When he came into the game, he embodied the very things the Cavaliers missed for so much of the season, and at times so painfully. He was very active, primarily, with plenty of energy and motion, particularly on defence. He lacks for elite athleticism and still needs to get stronger, yet Osman has enough size, lateral speed and footwork to rotate properly and timely defensively, and has good hands and reads to boot. Feel free to start listing all the Cavaliers players this season of whom that can be said. Osman largely limits himself offensively to running and spotting, but then, so should most wings when playing alongside LeBron James. And as a weakside shooter, Osman did pretty well all year.

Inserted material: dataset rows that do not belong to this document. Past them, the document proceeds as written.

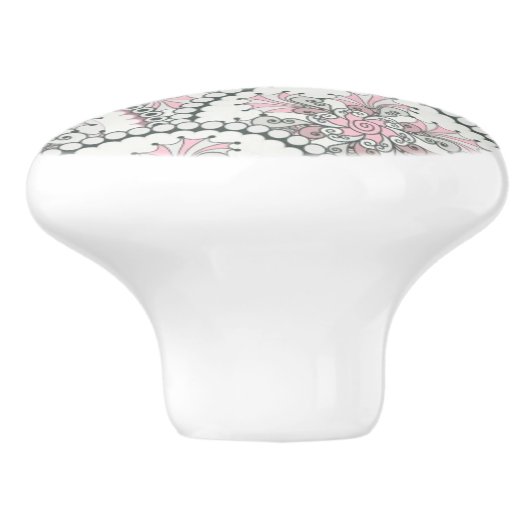 Centraal patroon keramische knop (Zijkant)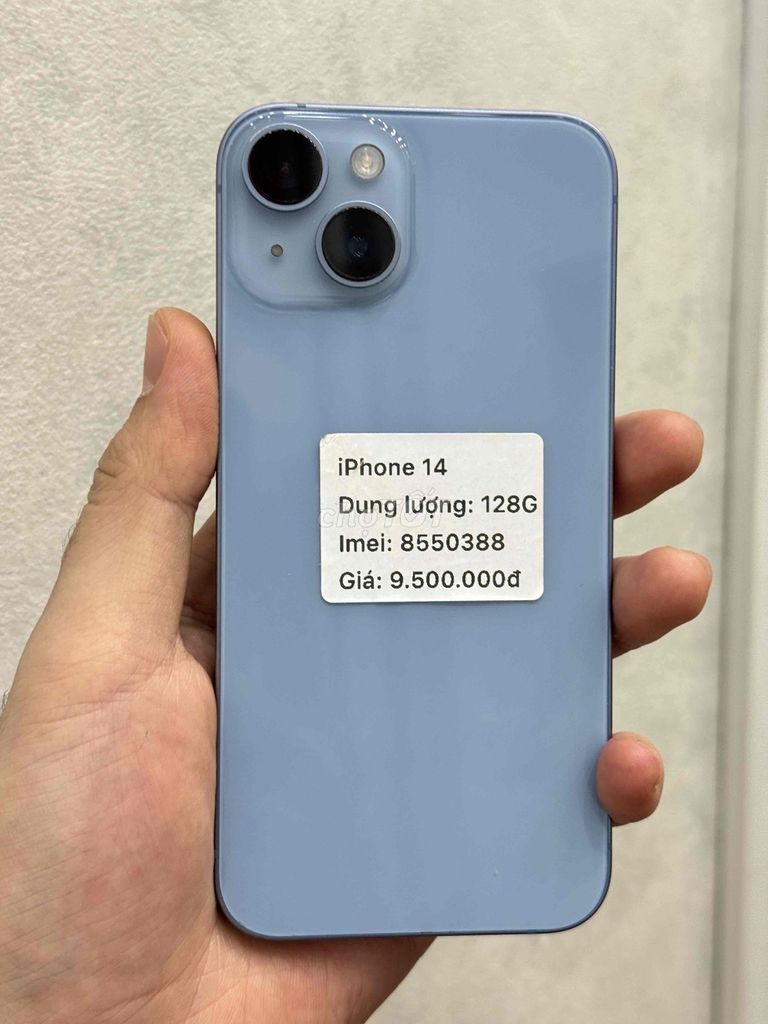 iphone 14 128G màu xanh máy đẹp VN chính hãng. Mua bán Điện thoại tại Thành phố Buôn Ma Thuột Đắk Lắk được đăng bởi Nguyễn Hoàng hình 1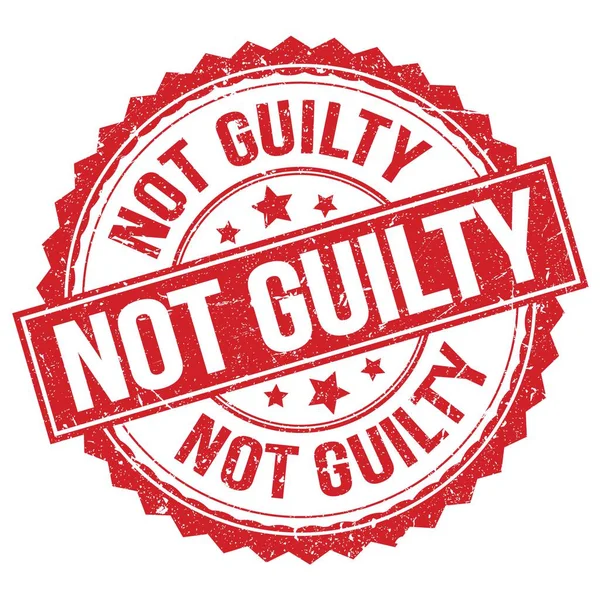 Guilty Text Written Red Stamp Sign Stock Photo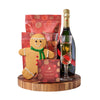 Gingerbread Man & Holiday Champagne Gift, holiday gift, holiday, christmas gift, christmas, gourmet gift, gourmet, champagne gift, champagne, sparkling wine gift, sparkling wine
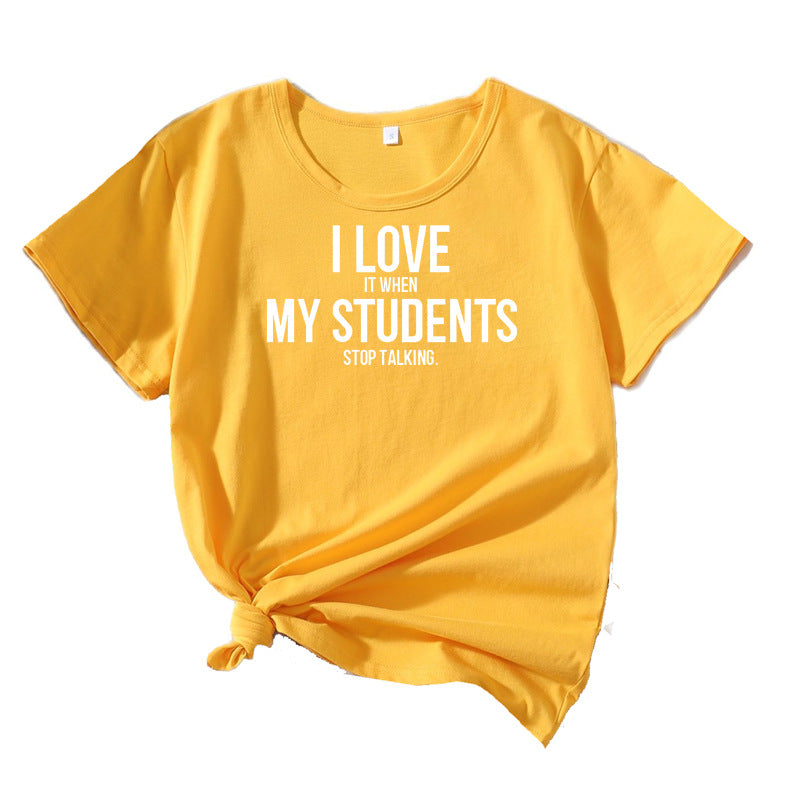 T-shirt humor enseignant de loisirs pour femmes Chic und Stil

This is not to say that Cedi was especially good. Being a high-IQ unselfish player who moves about, competes on defence, cuts, catches and shoots is a good combination, but it is the combination of a role player. Osman was not asked to create anything at any point, and nor has he ever shown that he really could. He was also never asked to defend any opposing star wings of any great calibre for more than incidental stretches. And the same problem applies there.
Nevertheless, Osman showed some good signs as a rookie. The draft pick, the contract, they all convey onto him an expectation of decency. And it’s there. Cleveland need to use it more next time.
Player Plan: Two years and $5,682,143 remaining, all guaranteed. Keep indefinitely.
June 29, 2017
Cedi Osman - 31st pick, 2015
A good year and very projectable as a lengthy three-and-D wing. It is probably time he joined and began to learn NBA defences under the guise of NBA strength coaches, especially given that he is now a free agent.